If we take the $0.60/sh dividend we expect Franklin Street to be able to pay and apply a 7% warranted yield, we arrive at a target stock price of about $8.50. Supporting this target price is our Net Asset Value (NAV)-based approach. By applying a 8.5% market cap rate to the in-place net operating income of Franklin Street's properties and adjusting for other balance sheet assets and liabilities, we arrive at an estimated NAV/sh of $8.60. This analysis implies that Franklin Street's properties are worth roughly $120 per square foot, in-line with how many third party valuation services value similar assets in Franklin Street's markets.

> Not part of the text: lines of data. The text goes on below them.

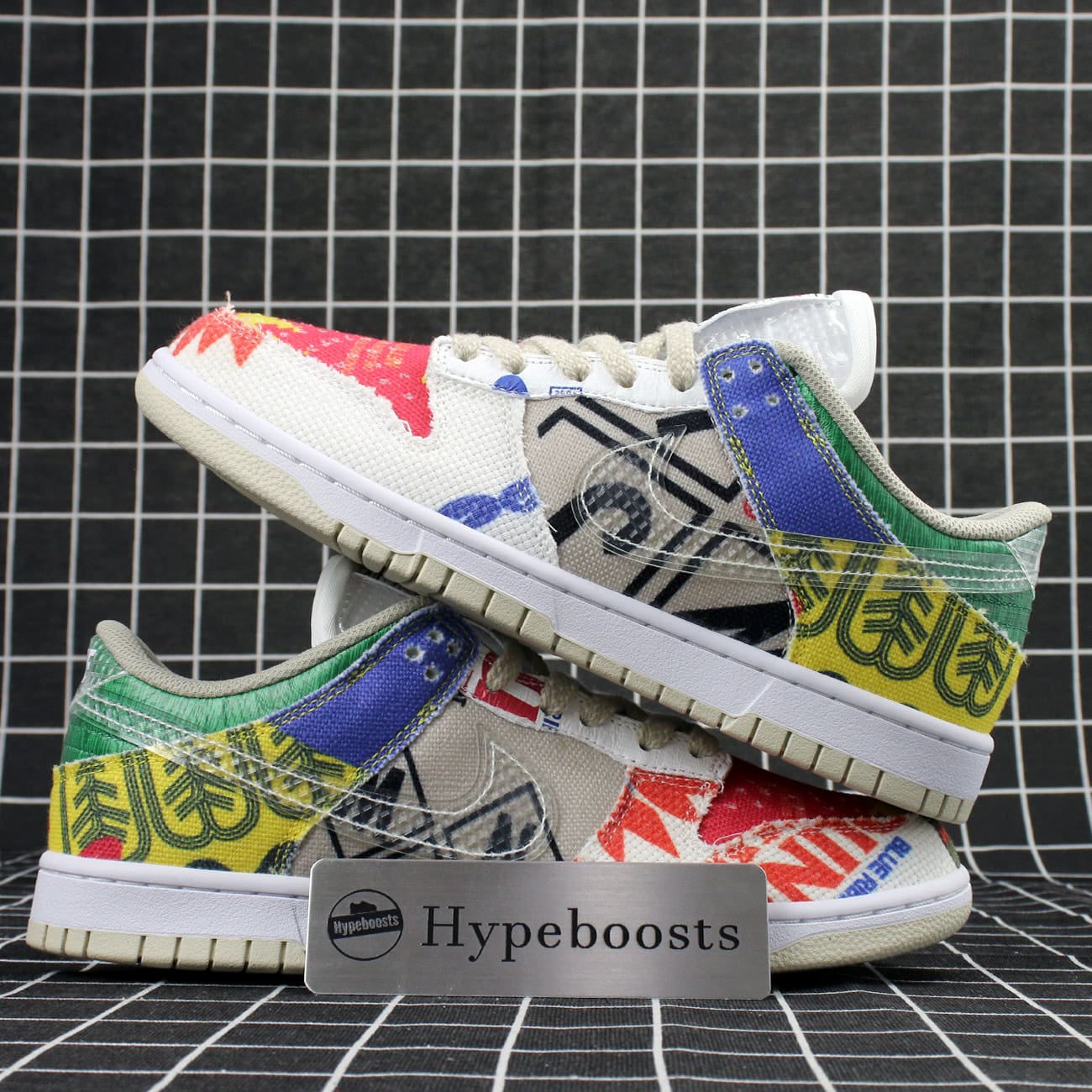 Nike Dunk Low SP City Market Replica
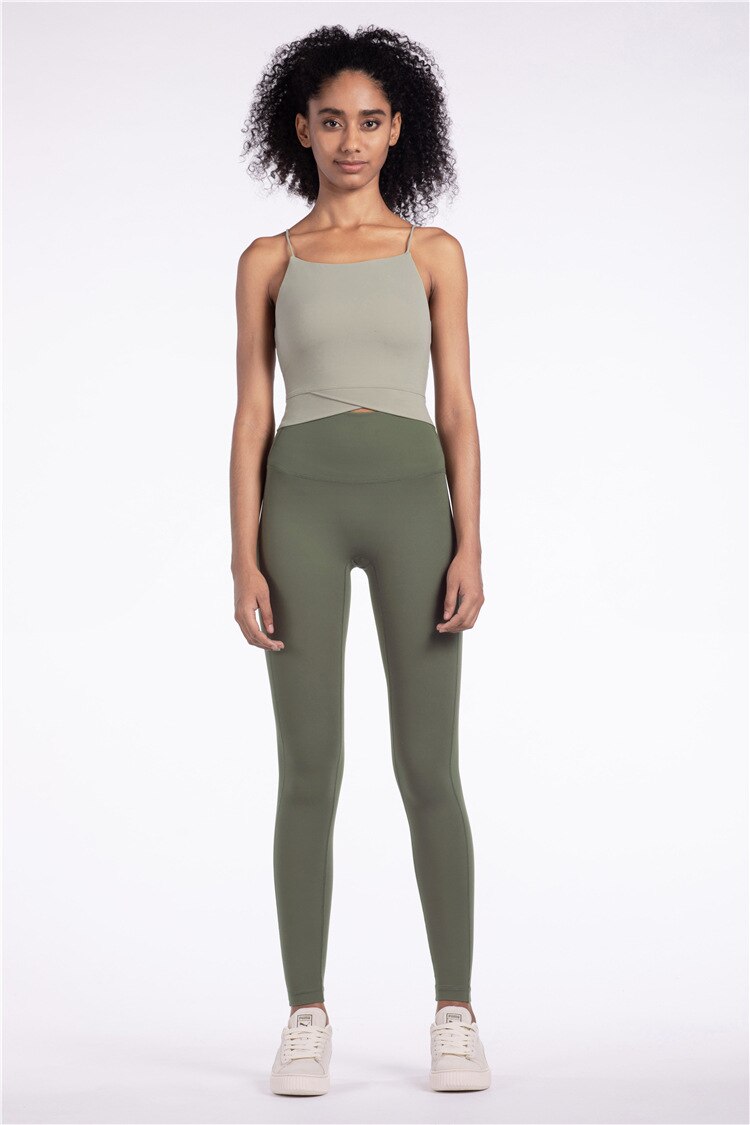 Women Yoga Pants Gym Leggings Women Sport Fitness Tights Woman Workout Pants Body Building Energy Seamless Wears | Vimost Shop.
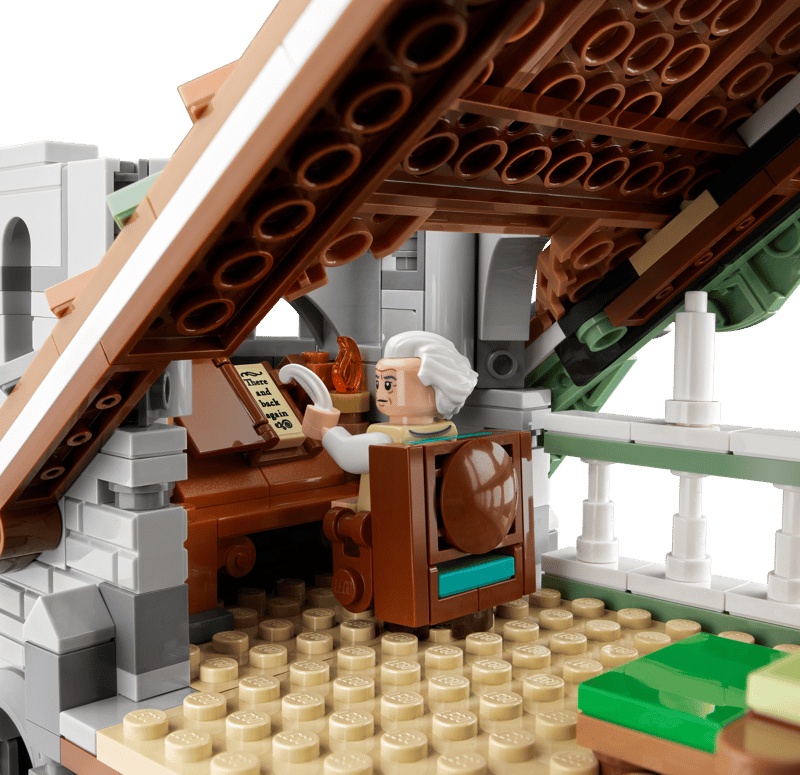 THE LORD OF THE RINGS: RIVENDELL 10316 thumbnail 12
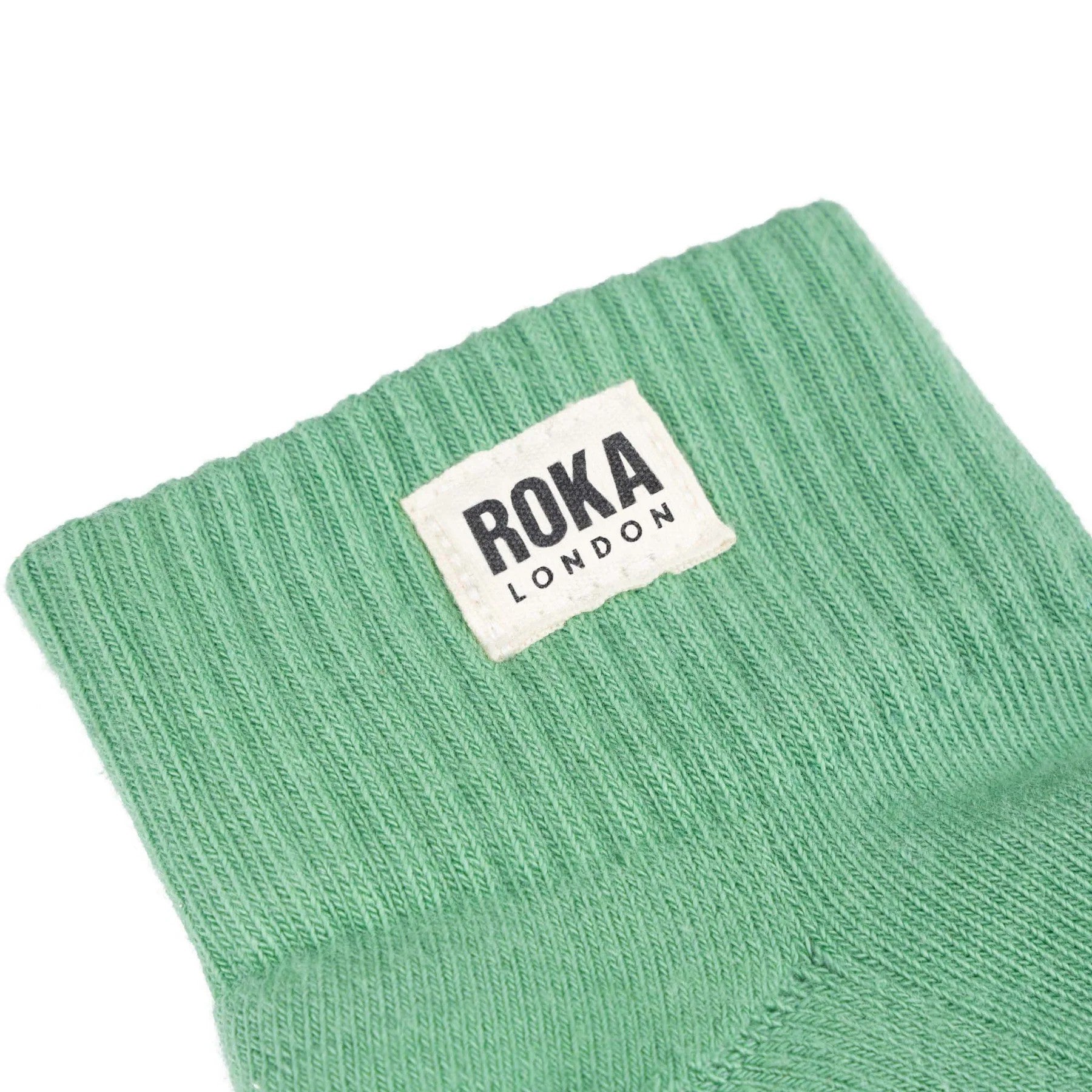 Wembley socks matcha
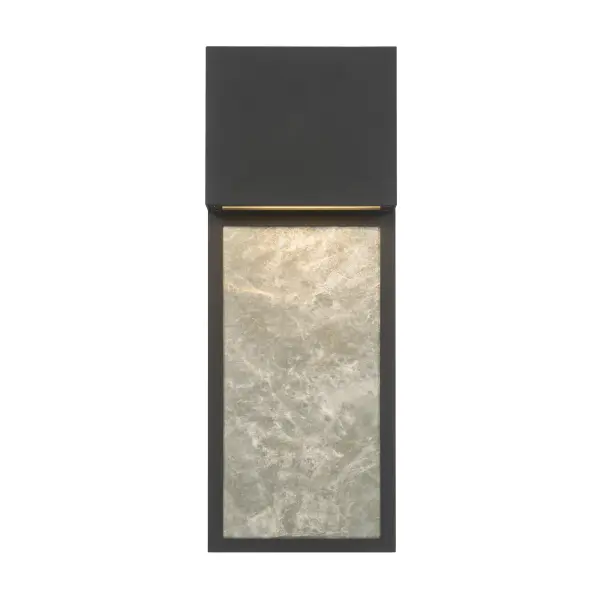 Norrin 16" LED Outdoor Wall Sconce - Image 7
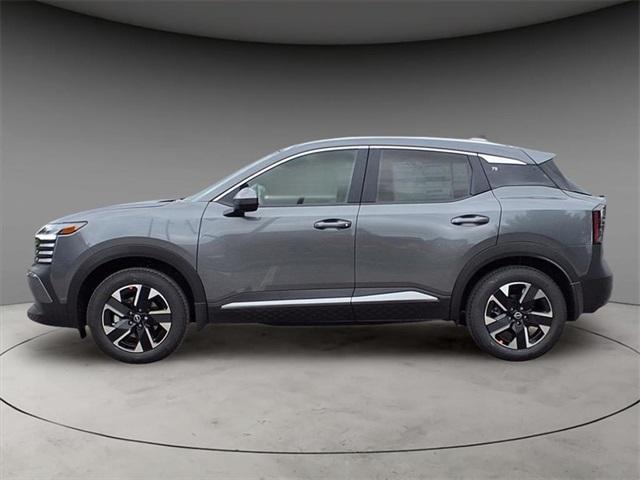 new 2025 Nissan Kicks car, priced at $27,032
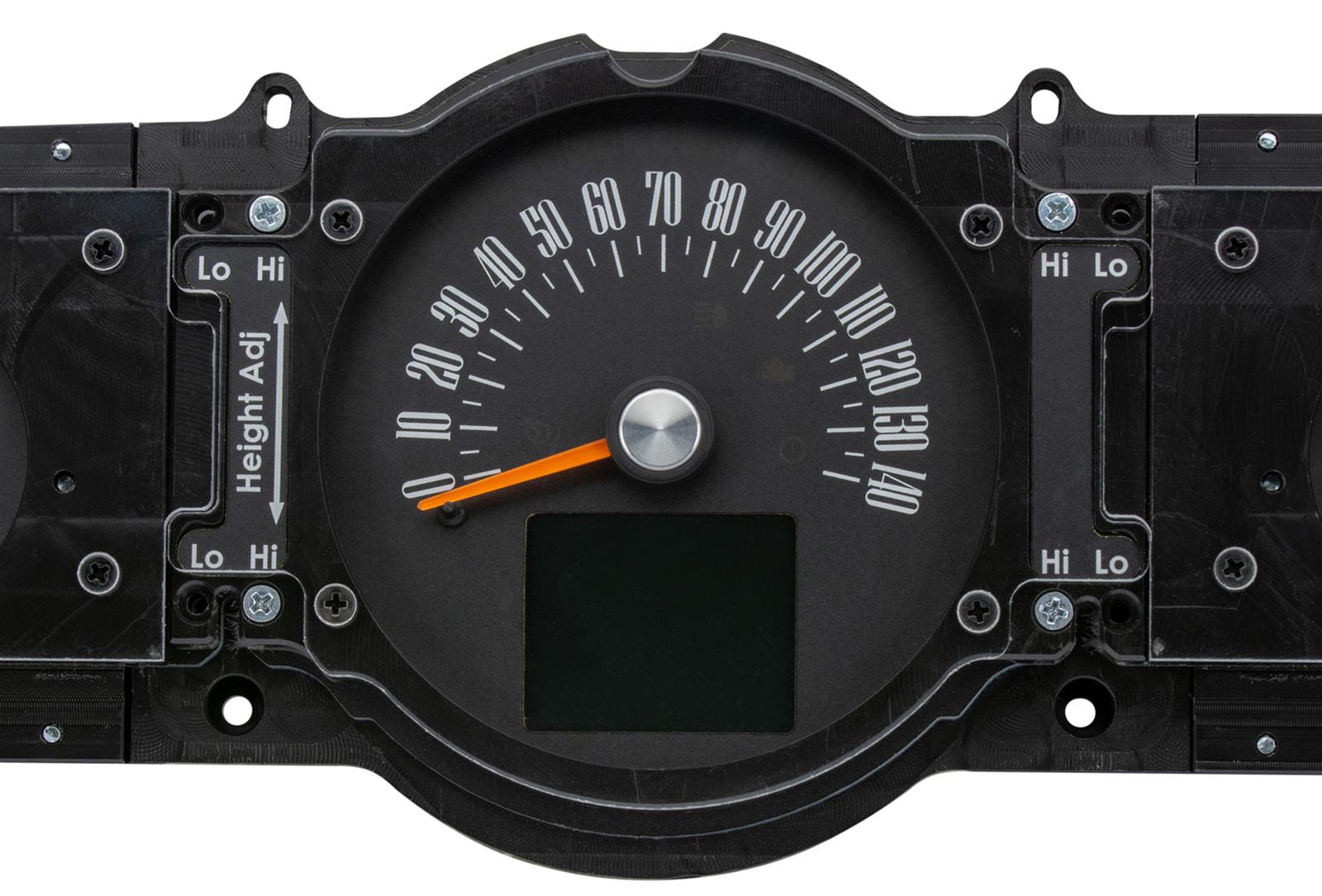 Dakota Digital RTX Direct-Fit Gauge Kits RTX-65F-MUS-X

We believe the risks to this investment to be limited. The primary risk is that the investment banking business rebounds and begins once again to contribute meaningful cash flow. However, even if this business were to suddenly return to its peak EBITDA of $20mm from 2003, the resulting cash flow would not be sufficient to bridge the gap between the $0.60 of estimated cash flow we model and the $0.76 current dividend obligation. Due to the reasons laid out in this write-up, though, we strongly believe that this business is indeed impaired and will never return to its prior peak. Other risks relate mainly to timing, in our view. If Franklin Street does choose to sell or mortgage existing assets or acquire new assets in order to fund the current dividend, this serves to prolong the inevitable rather than remedy it. Still, as short sellers, we could be left having to pay the dividend while this occurred. However, even if Franklin Street is to be able to maintain the $0.76 rate, that would amount to only a 6.3% carrying cost. We believe this risk to be vastly outweighed by the chances of a catalyst in our favor and the magnitude of overvaluation.